→ Task statement
Print the lines exactly. Start at the first line of the material below, end with the line that contains "Beige stickad tröja från", and skip all pictures.

→ Source material
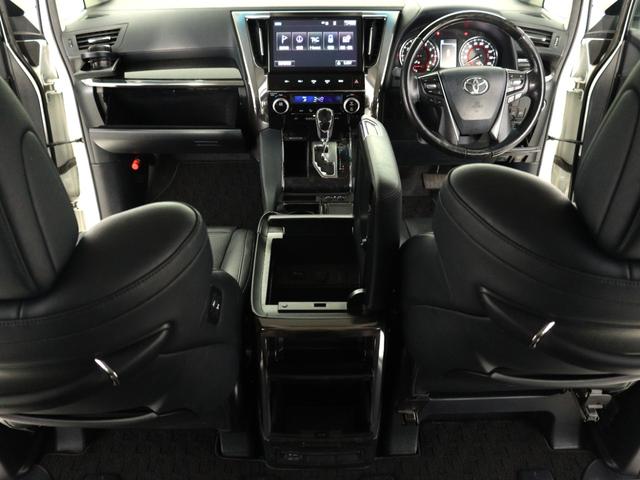 ヴェルファイア ２．５Ｚ　Ｇエディション　（モデリスタエアロ）（１０インチナビ）（後席モニター）（黒革電動シート）（ＬＴＡ／レーダークルーズ）プリクラッシュ　ＥＴＣ　フルセグＴＶ　パワーバックドア　両側電動スライド　シートメモリ　コンセント付（28枚目）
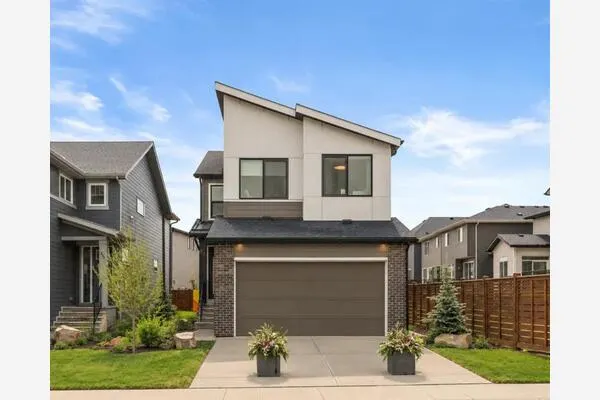 124 Starling Place NW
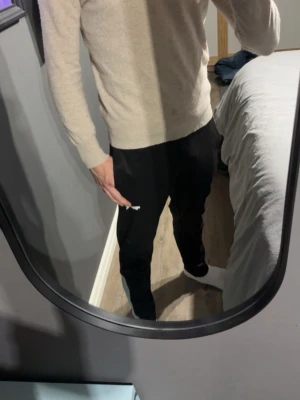 Beige stickad tröja från Sayless - Snygg beige stickad tröja med rund hals och långa ärmar. Tröjan har en klassisk passform och är perfekt för lager-på-lager. Ganska liten i storleken. Enkel och stilren design som passar till det mesta.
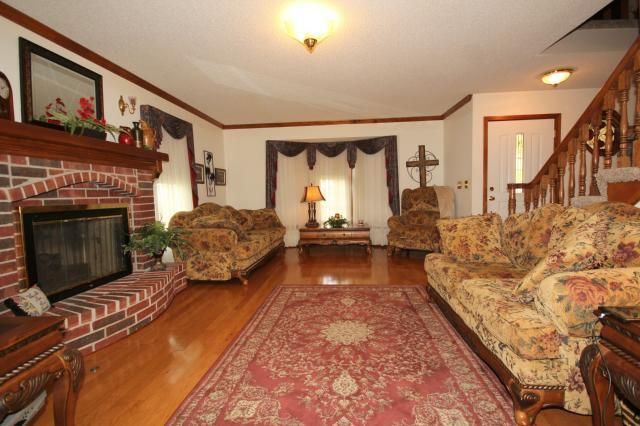 11020 N Mcgee St, Kansas City, MO 64155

→ Expected output
 ヴェルファイア ２．５Ｚ　Ｇエディション　（モデリスタエアロ）（１０インチナビ）（後席モニター）（黒革電動シート）（ＬＴＡ／レーダークルーズ）プリクラッシュ　ＥＴＣ　フルセグＴＶ　パワーバックドア　両側電動スライド　シートメモリ　コンセント付（28枚目）
 124 Starling Place NW
 Beige stickad tröja från Sayless - Snygg beige stickad tröja med rund hals och långa ärmar. Tröjan har en klassisk passform och är perfekt för lager-på-lager. Ganska liten i storleken. Enkel och stilren design som passar till det mesta.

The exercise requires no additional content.